3.6 Setoff. Notwithstanding any other provision of the Agreement and without limiting SoundStack’s rights in Section 3.7, SoundStack may delay or withhold payment of any sums due and payable to Customer, in whole or in part, on account of Invalid Impressions, any failure of Customer to perform in accordance with the Agreement, or for other reasonable cause, including to offset any unpaid Fees or any damages, costs, or expenses incurred by SoundStack on account of any default by Customer with respect to any representations, warranties, or obligations set forth in the Agreement.
3.7 Buyer Reconciliation; Uncollectible Amounts. In the event that SoundStack is obligated to return an amount of money to a Buyer due to such Buyer’s statistical errors or failure to collect such amount from its Advertisers (a “Reconciliation Amount”), then, provided the Reconciliation Amount was paid to Customer within the preceding twelve (12) months, SoundStack may (i) deduct the Reconciliation Amount from any future Remittances; and/or (ii) invoice Customer for the Reconciliation Amount, whereupon such invoice shall be paid by Customer within thirty (30) days of receipt, unless another timeline is agreed upon in writing by the parties. With respect to any uncollectible amounts from Buyers, SoundStack hereby covenants to exert commercially reasonable efforts to minimize bad debt and to collect all amounts due and payable from Buyers.
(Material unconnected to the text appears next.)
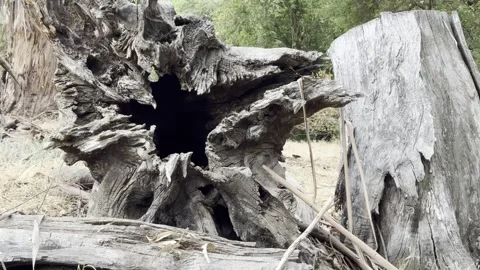 Stump and fallen trees left in a preserve for animals Stock-Footage 322551076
4. MARKETPLACE DISCLAIMER.
IN ADDITION TO THE DISCLAIMER SET FORTH IN SECTION 11.4 OF THE GENERAL TERMS, SOUNDSTACK MAKES NO WARRANTIES WITH RESPECT TO THE ADVERTISEMENTS, THE SUPPLY PARTNERS, THE THIRD-PARTY INVENTORY, OR OTHERWISE IN CONNECTION WITH THIS ADDENDUM AND HEREBY DISCLAIMS ANY AND ALL EXPRESS, IMPLIED, OR STATUTORY WARRANTIES, INCLUDING, WITHOUT LIMITATION, ANY WARRANTIES OF MERCHANTABILITY, FITNESS FOR A PARTICULAR PURPOSE, AVAILABILITY, ERROR-FREE OR UNINTERRUPTED OPERATION, TITLE, NON-INFRINGEMENT, AND ANY WARRANTIES ARISING FROM A COURSE OF DEALING, COURSE OF PERFORMANCE, OR USAGE OF TRADE. TO THE EXTENT THAT SOUNDSTACK MAY NOT AS A MATTER OF APPLICABLE LAW DISCLAIM ANY IMPLIED WARRANTY, THE SCOPE AND DURATION OF SUCH WARRANTY WILL BE THE MINIMUM PERMITTED UNDER SUCH LAW.